Prisoners in Iran 'disappearing', British inmate claims

Iran has struggled to combat the coronavirus - AP Photo/Ebrahim Noroozi
Iran has struggled to combat the coronavirus - AP Photo/Ebrahim Noroozi

Prisoners with suspected coronavirus in Iran are “disappearing” due to illness or being given sleeping pills and sent back to crowded cells where the virus can easily spread, a British-Iranian father who is jailed on spying charges has claimed.

Retired engineer Anoosheh Ashoori, 66, secretly recorded an audio diary detailing the chaotic conditions in Evin prison, Tehran, where he is serving a 10-year sentence for “spying for Israel”, which he strongly denies.

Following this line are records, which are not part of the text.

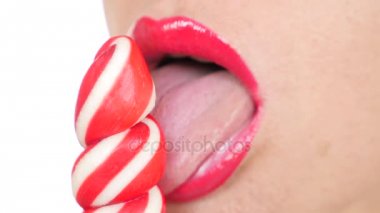 seksi kız bir lolipop yemek. oral seks simülasyonu. şeker yalama dil. 4 k, yavaş hareket, yakın çekim. kopya alanı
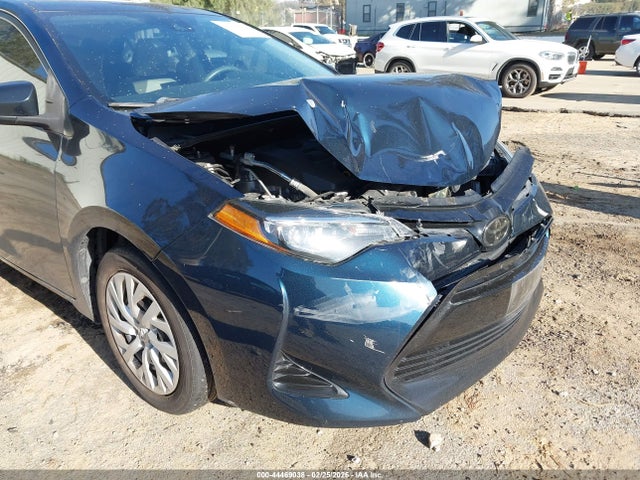 Toyota COROLLA LE 2018 5YFBURHE3JP831470 Image 17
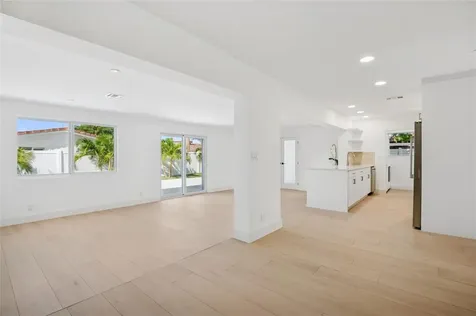 5621 NE 16th Avenue Fort Lauderdale FL 33334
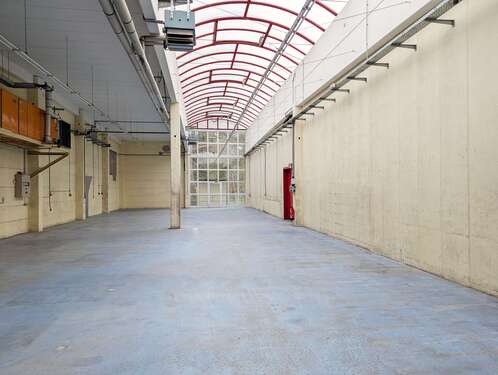 Foto - Halle in Zossen 1.950,00 € 300 m²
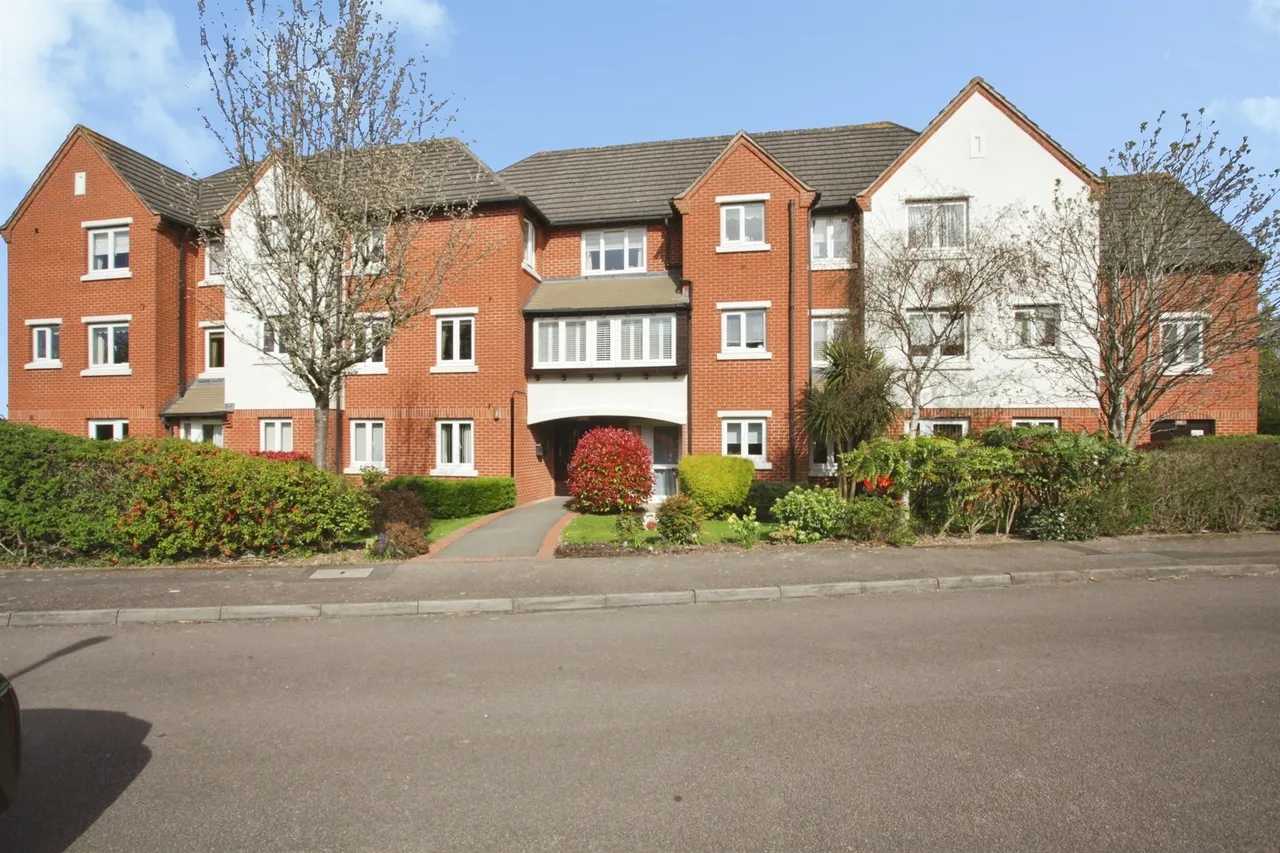 2 bed flat for sale — Curie Close, RUGBY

Several inmates have fallen ill due to suspected coronavirus, Mr Ashoori claims, adding that once a sick prisoner goes to the prison’s medical centre, “he does not return… nobody knows any more about his fate.”

Another prisoner complained of Covid-19 symptoms but was not tested, he added. Instead, he was given sleeping pills and told by a prison doctor to “go back and rest” in a cell shared with 11 other men.

Iran has been the epicentre of the coronavirus pandemic in the Middle East and has recorded more than 95,000 cases and 6,000 related deaths, although the official figures are heavily disputed.

As a precaution in March, the Islamic Republic temporarily released thousands of prisoners from its over-crowded jails, including British-Iranian mother Nazanin Zaghari-Ratcliffe who has been allowed to stay with her parents in Tehran while being monitored by an ankle tag.

But other dual nationals accused of espionage, including Mr Ashoori and the British-Australian academic Kylie Moore-Gilbert, have remained behind bars in Evin, while other inmates are now returning following their temporary release.

“It is just enough for one contaminated person to arrive and the rest will soon contract the virus,” Mr Ashoori said in the diary, recorded last month [April] during phone calls to his wife, Sherry Izadi.

Ms Izadi, from South London, today [Friday] criticised the Foreign Secretary Dominic Raab for a lack of action to release her husband, saying he had become “forgotten” since being arrested in August 2017 while visiting his family in Iran.

“Every time I hear Dominic Raab talk about returning Britons who have been trapped on holiday by coronavirus, I wonder why he is not giving the same priority to those, like my husband, who are held unlawfully in a foreign prison”, she said.  “Other countries are doing deals to free their citizens, but the government that is showing the least action has to be the British. It’s as if they have forgotten my husband exists.”

A Foreign Office spokesperson said: “We strongly urge Iran to reunite British-Iranian dual national Mr Ashoori with his family. Our Embassy in Tehran continues to request consular access and we have been supporting his family since being made aware of his detention. The treatment of all dual nationals detained in Iran is a priority and both the PM and Foreign Secretary have recently raised this issue with their Iranian counterparts.”